___ RECORDS TO USE ___

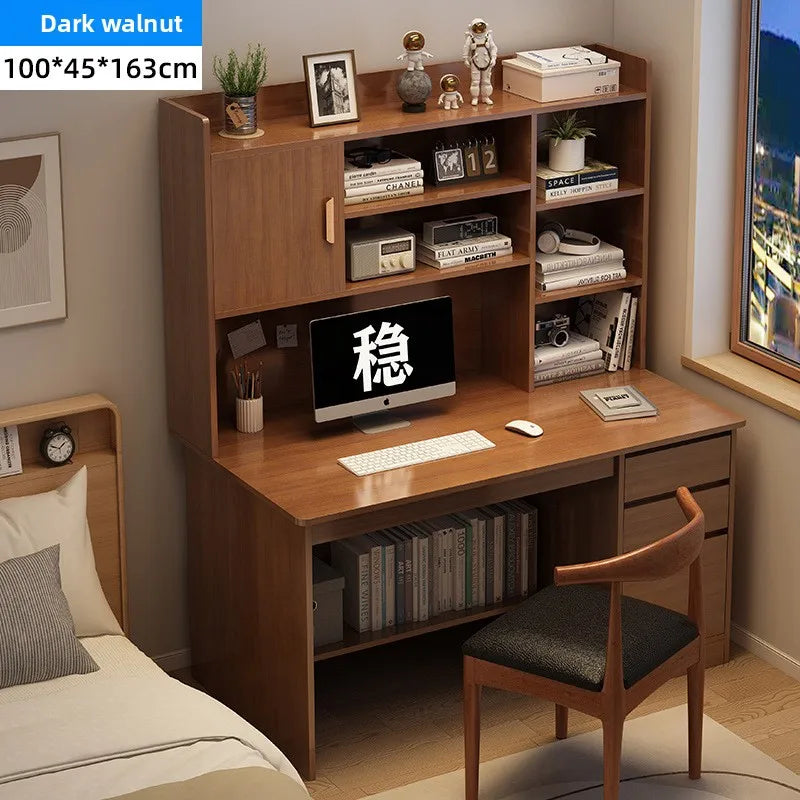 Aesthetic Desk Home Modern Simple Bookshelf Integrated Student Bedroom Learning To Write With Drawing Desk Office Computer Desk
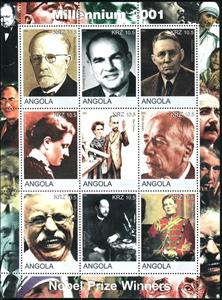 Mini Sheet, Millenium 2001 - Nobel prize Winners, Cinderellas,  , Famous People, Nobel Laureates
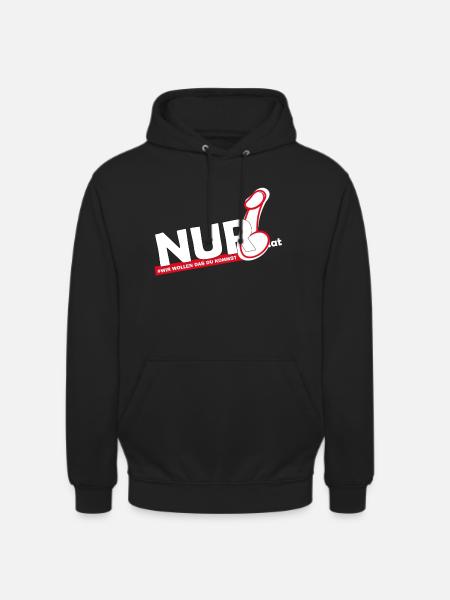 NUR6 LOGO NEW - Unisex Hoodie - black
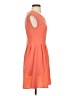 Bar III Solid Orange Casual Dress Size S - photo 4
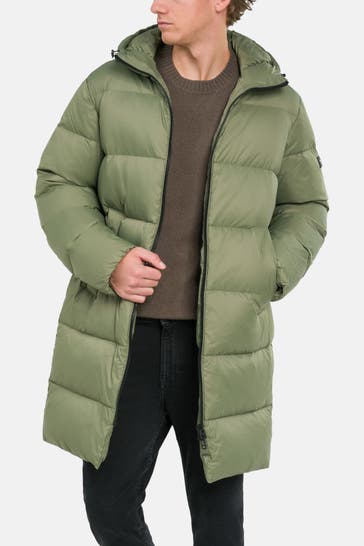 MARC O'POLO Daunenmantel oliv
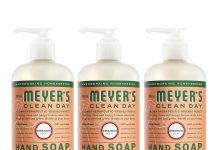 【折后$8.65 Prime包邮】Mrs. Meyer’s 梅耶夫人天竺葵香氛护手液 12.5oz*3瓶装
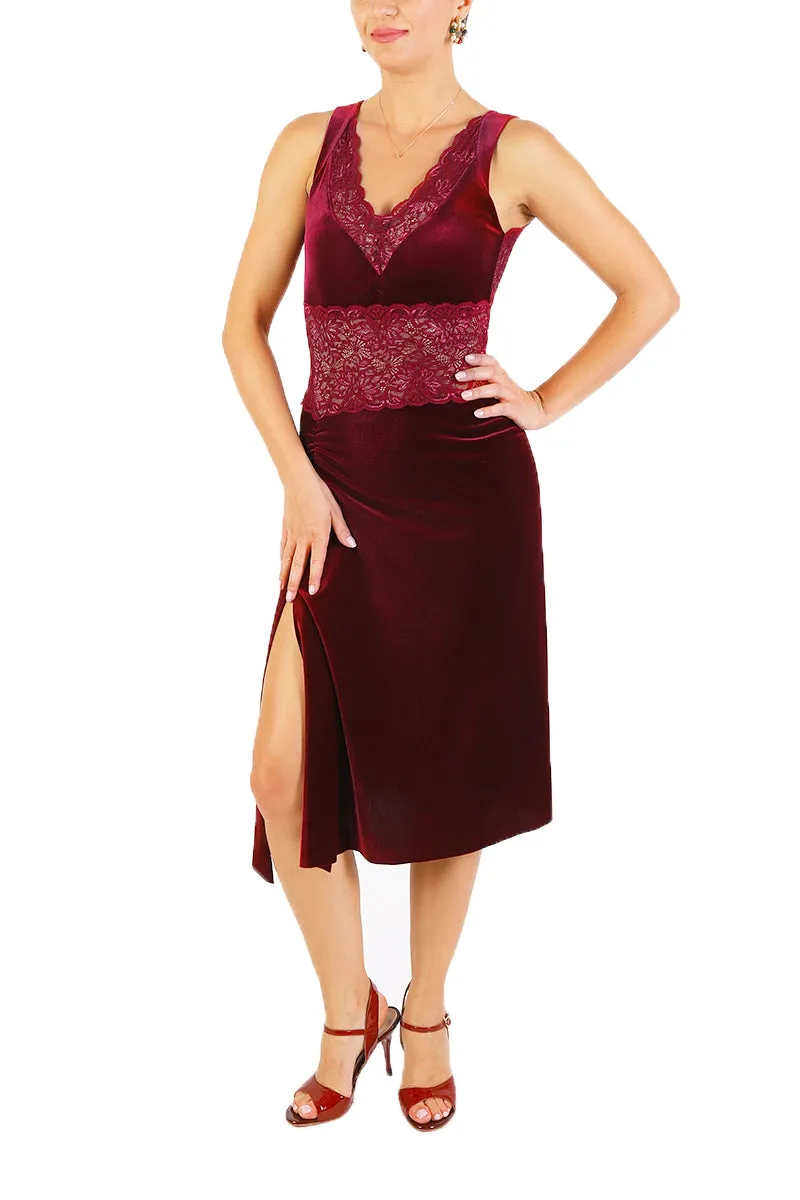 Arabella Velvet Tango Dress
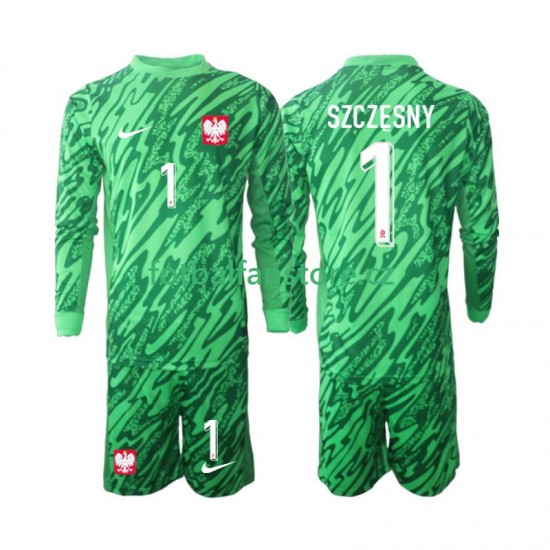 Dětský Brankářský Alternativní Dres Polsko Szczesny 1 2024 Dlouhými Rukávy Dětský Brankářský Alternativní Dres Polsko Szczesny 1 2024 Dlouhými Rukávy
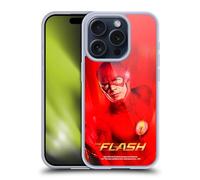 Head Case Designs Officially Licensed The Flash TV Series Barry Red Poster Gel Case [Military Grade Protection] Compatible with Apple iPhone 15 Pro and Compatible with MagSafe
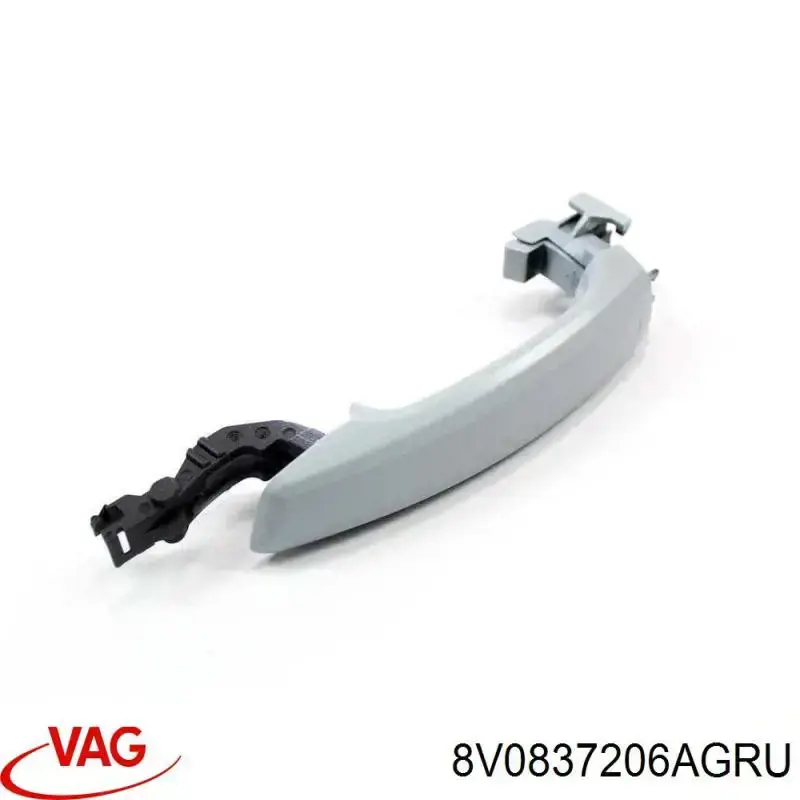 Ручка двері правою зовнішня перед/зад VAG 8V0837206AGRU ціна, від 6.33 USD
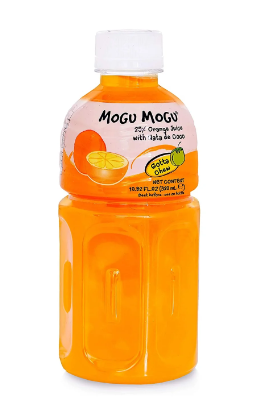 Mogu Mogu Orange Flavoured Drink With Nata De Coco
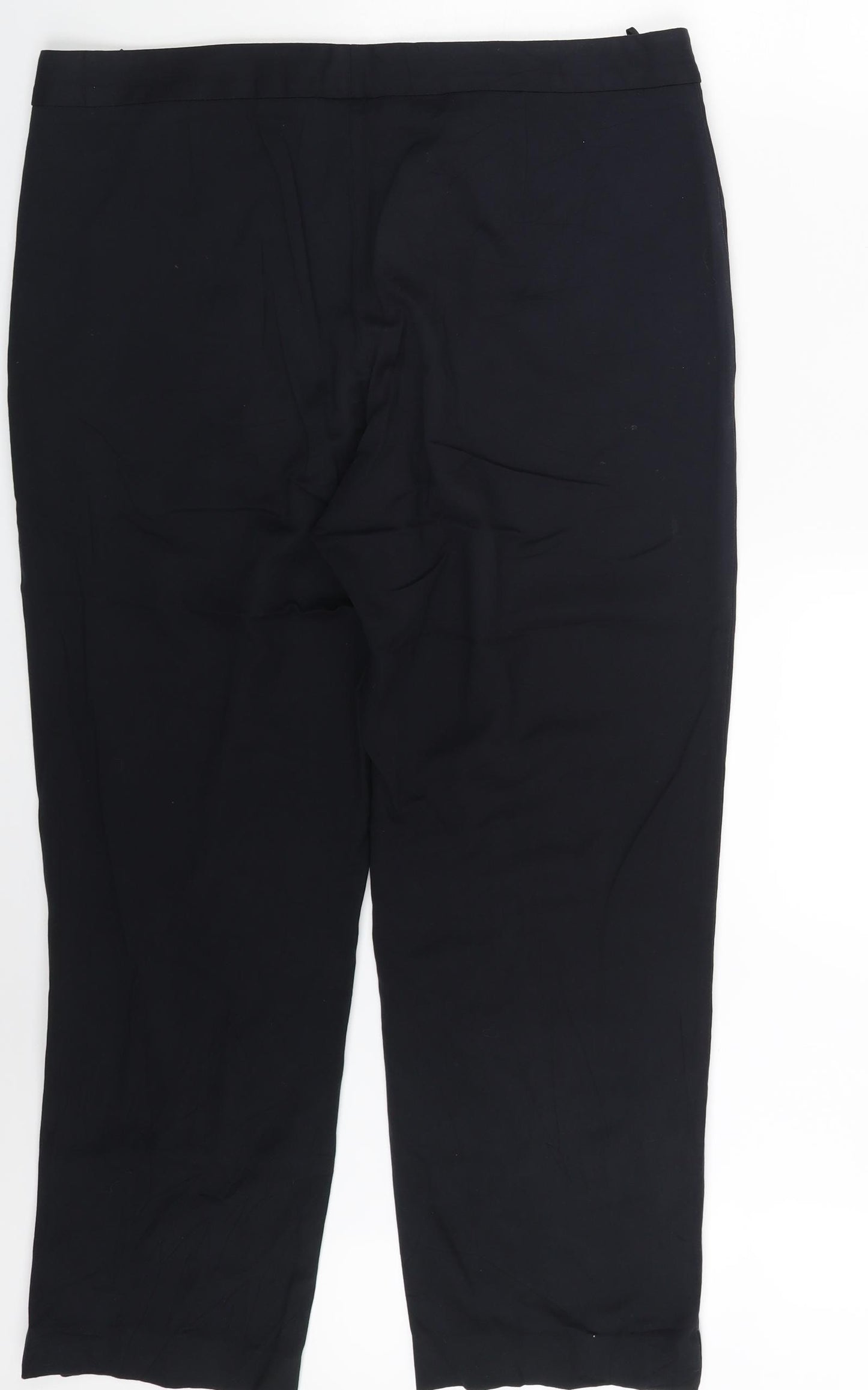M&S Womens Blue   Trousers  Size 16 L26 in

___

* [WHAT THE EXERCISE ASKS]: Everything in the records above is to be copied exactly, except the pictures.

* [WRITTEN REPLY]:
 Aesthetic Desk Home Modern Simple Bookshelf Integrated Student Bedroom Learning To Write With Drawing Desk Office Computer Desk
 Mini Sheet, Millenium 2001 - Nobel prize Winners, Cinderellas,  , Famous People, Nobel Laureates
 NUR6 LOGO NEW - Unisex Hoodie - black
 Bar III Solid Orange Casual Dress Size S - photo 4
 MARC O'POLO Daunenmantel oliv
 【折后$8.65 Prime包邮】Mrs. Meyer’s 梅耶夫人天竺葵香氛护手液 12.5oz*3瓶装
 Arabella Velvet Tango Dress
 Dětský Brankářský Alternativní Dres Polsko Szczesny 1 2024 Dlouhými Rukávy Dětský Brankářský Alternativní Dres Polsko Szczesny 1 2024 Dlouhými Rukávy
 Head Case Designs Officially Licensed The Flash TV Series Barry Red Poster Gel Case [Military Grade Protection] Compatible with Apple iPhone 15 Pro and Compatible with MagSafe
 Ручка двері правою зовнішня перед/зад VAG 8V0837206AGRU ціна, від 6.33 USD
 Mogu Mogu Orange Flavoured Drink With Nata De Coco
M&S Womens Blue   Trousers  Size 16 L26 in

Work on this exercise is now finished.